Light winds, clear water, sunny skies and tarpon. Shannon Norris had the foredeck today on his first trip to the Everglades for tarpon on fly. We hunted sleepers all day and Shannon had numerous shots at tarpon of all sizes; he struck seven getting three in the air, forty, seventy, and one moose about a hundred and twenty pounds.
May 27, 2004
May 24, 2004
Chuck Kenney on the foredeck hunting sleepers with fly rods all day. The water is clear enough, the wind has relented, the sun is shining and the tarpon are here. We had over two dozen shots at laid up fish and they would bite! Chuck struck six, getting three of them into the air, sixty to ninety pounds. This is just the beginning of the June run, some of the best fishing is coming up in the month ahead.
May 23, 2004
Steady winds from the east diminishing slightly and a shore breeze has been developing in the afternoon. We’ve been sightfishing snook down south using light and ultra-light spinning and bait casting rigs with topwater plugs and shallow runners, floating plugs with a short lip. There is still not an abundance of whitebait although glass minnows are beginning to ball up on the outside islands as well as the backcountry. The snook are skinny from the winter but they’re long, we’ve gotten quite few in the 27 – 29 inch class, casting to visible fish along the oysters at low tide. Tomorrows weather is looking good, we’re hunting sleepers with fly rods all day.
May 7, 2004
Winds continue out of the east with steady 15+ m.p.h. velocity. Tarpon tend to thin out when the wind blows offshore and this trend is no exception. Nevertheless Tim and David Dandt hung tough today, hunting sleepers all day with fly rods. It was hard work, lots of poling in sometimes unfriendly winds, but with the kind of dedication these guys bring to the game we were bound for success. Here’s the proof in the photo. Tim Dandt, tarpon on fly, Everglades style.
May 1, 2004
The weather has changed and the nights are finally staying warm enough to make the tarpon happy. Chris Dankan fished with me on Friday hunting sleepers all day with fly rods. The fish were in and we had numerous chances at giants, green giants, new arrivals in almost every spot we fished. At the end of the day Chris had jumped three, one baby about fifty pounds, another sleeper about 120 pounds that took the fly just ten feet from the bow, and an epic battle with a giant that might have been close to 150 pounds. We had this last fish on for maybe ten minutes, twice recovering almost three hundred yards of backing and finally losing it on a magnificent leap almost two hundred yards from the boat.
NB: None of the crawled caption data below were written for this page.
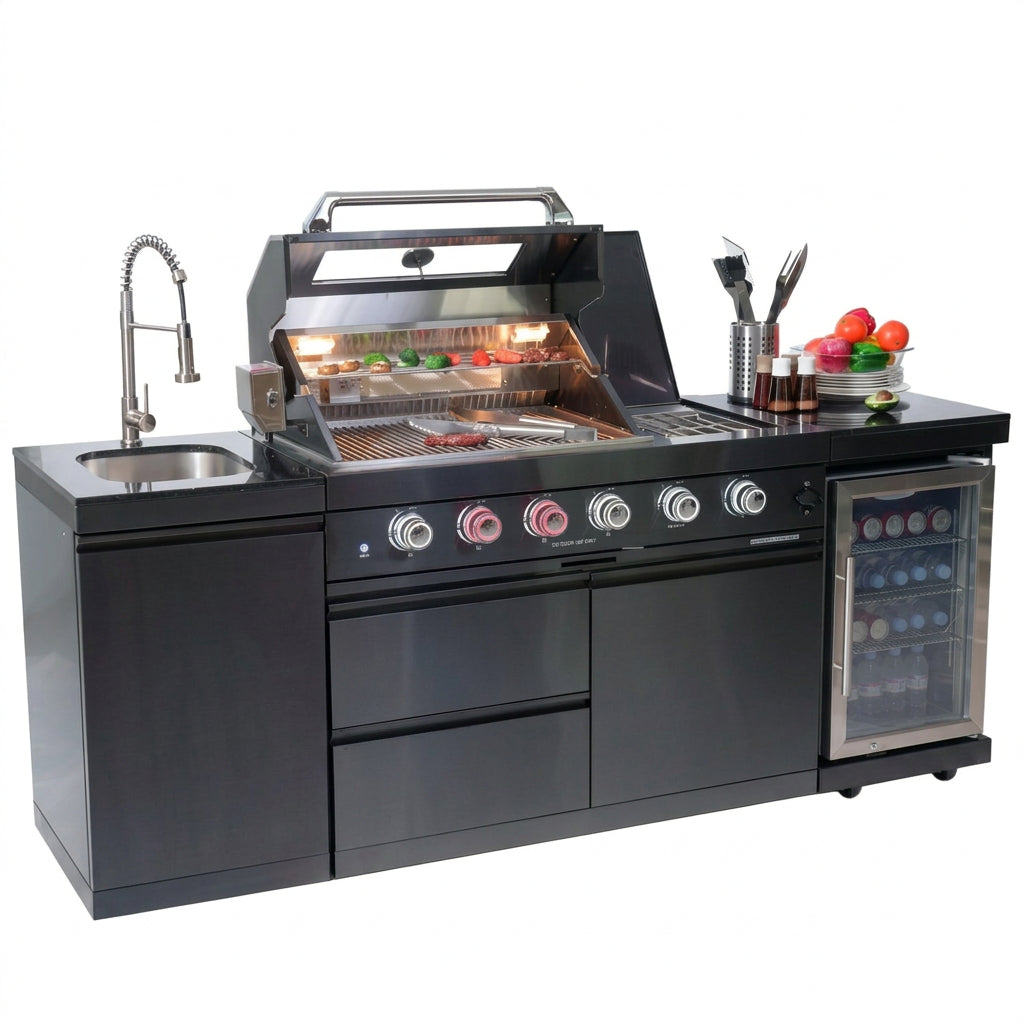 Outdoor Kitchen Island Gas Grill System 4 Burner BBQ Island with Rotisserie Kit, Integrated Sink, Wine Cooler & Granite Countertop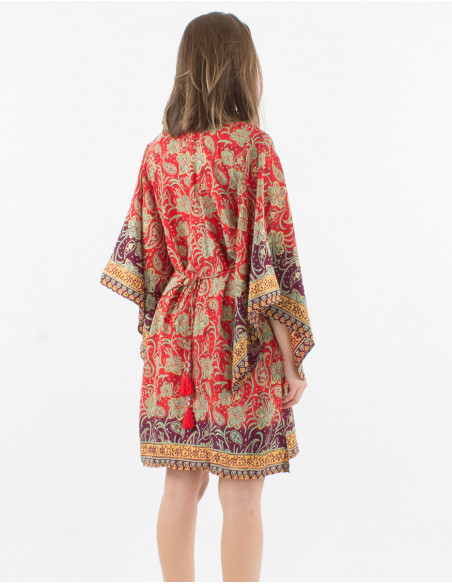 Kimono tunic with ties hibiscus pattern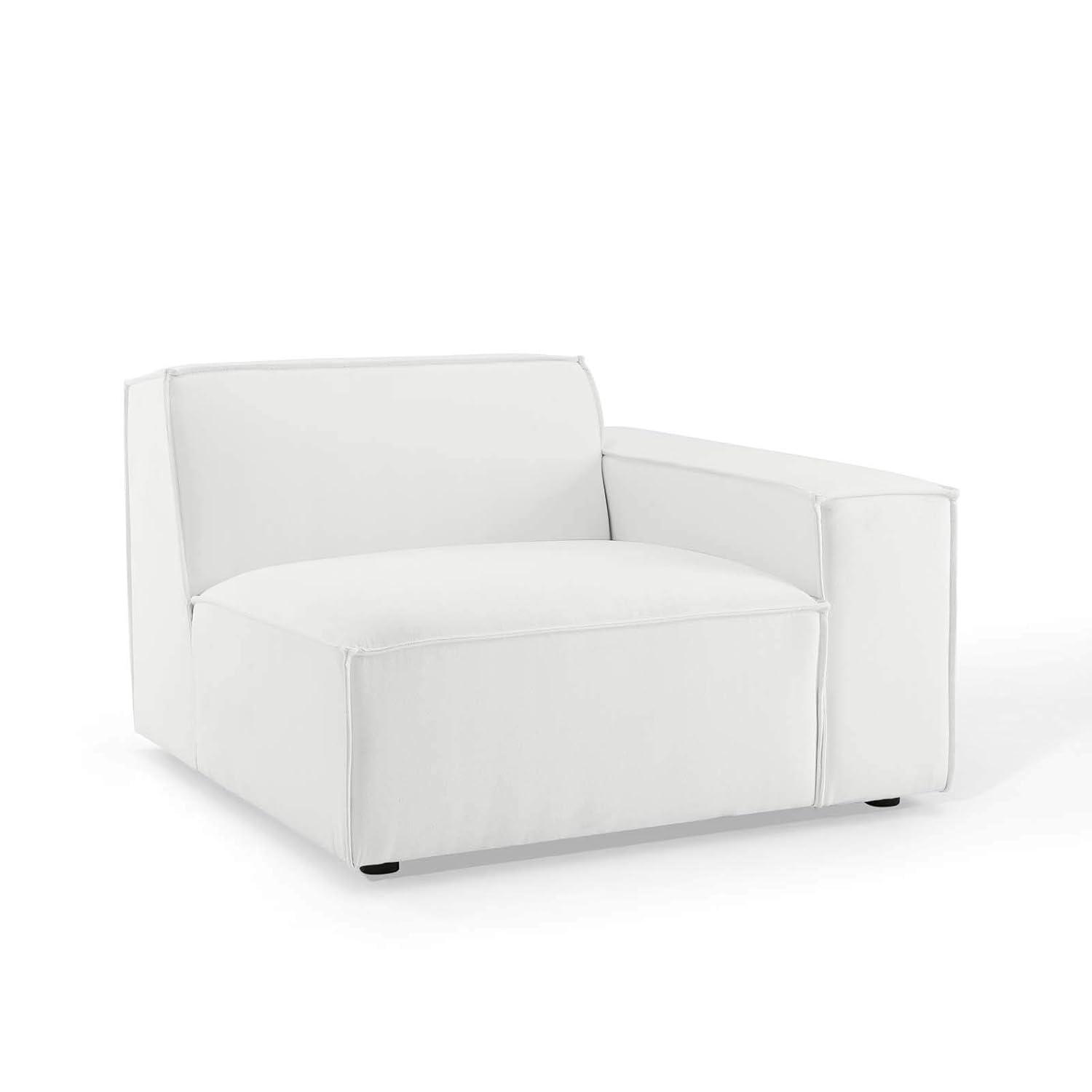 6pc Restore U-Shaped Sectional Sofa White - Modway: Polyester Upholstery, No Assembly, Modern Decor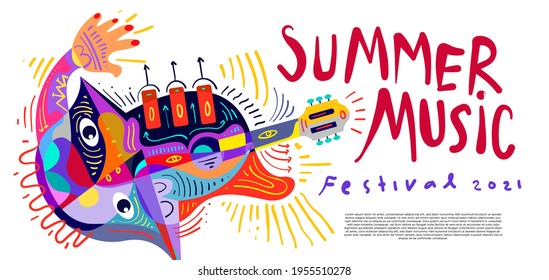 Vector illustration colorful summer music festival banner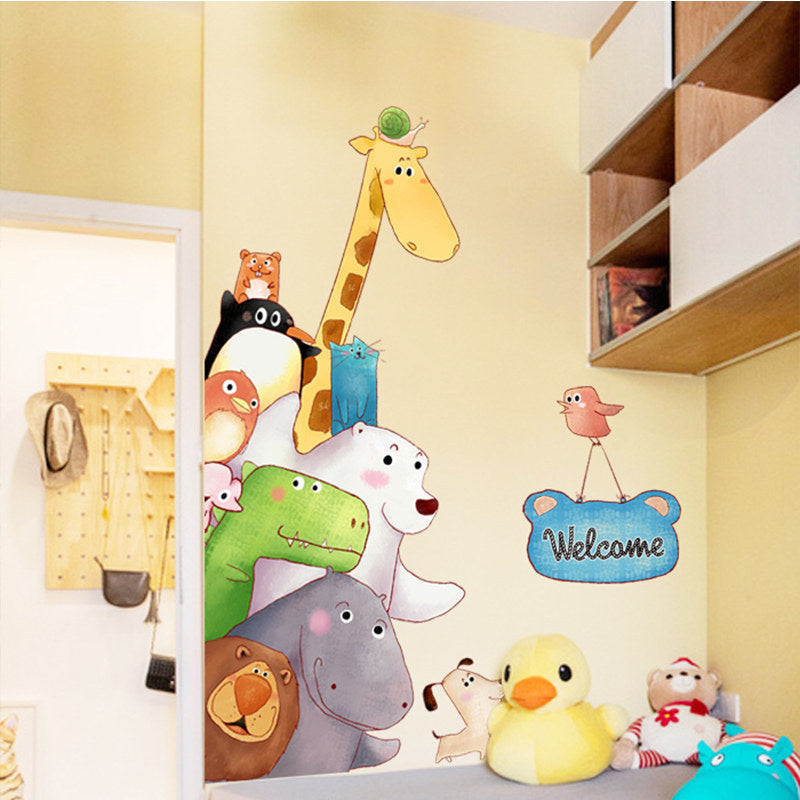 Autocollant mural en vinyle pour porte de bienvenue, Animal de dessin animé girafe, décoration de chambre de bébé pour enfants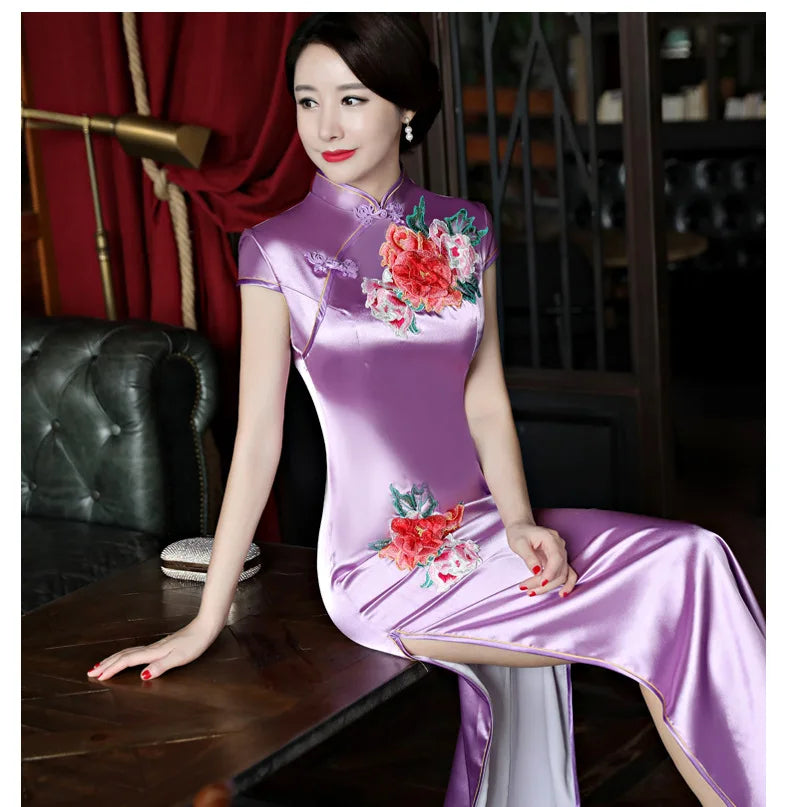 Classical Women Long Show Satin Chinese Dress Elegant Slim Embroidery Flower Qipao Cheongsam Retro Mandarin Collar Evening Gown - Seprincess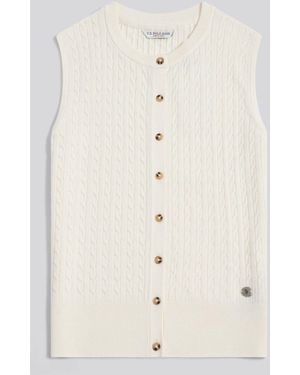U.S. POLO ASSN. U. S. Polo Assn U. S. Polo Assn Sleeveless Cable Knit Cardigan - Natural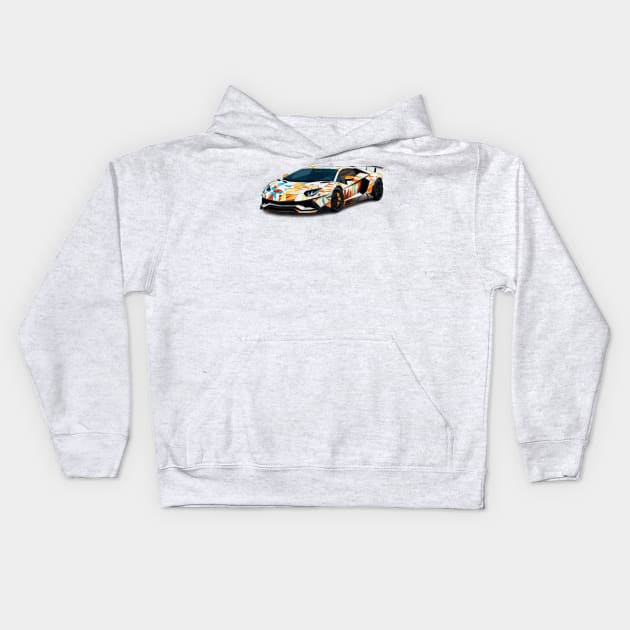 Colourful Lamborghini Aventador Kids Hoodie by Auto-apparel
Everyone has to let their hair down once in a while and we’ve done a couple of jigging trips over the past few days. The fishing has been excellent, if you catch the tide right, and if you’ve got the spot, you can catch fish on every cast. We’ve probably caught over a hundred of various species including, spotted sea trout, jack crevalle, spanish mackeral, ladyfish, bluefish, pompano, whiting, redfish, snook, and permit. Here’s one in the photo that Bob Lunsford caught jiggin’ in the Milky Way Swash.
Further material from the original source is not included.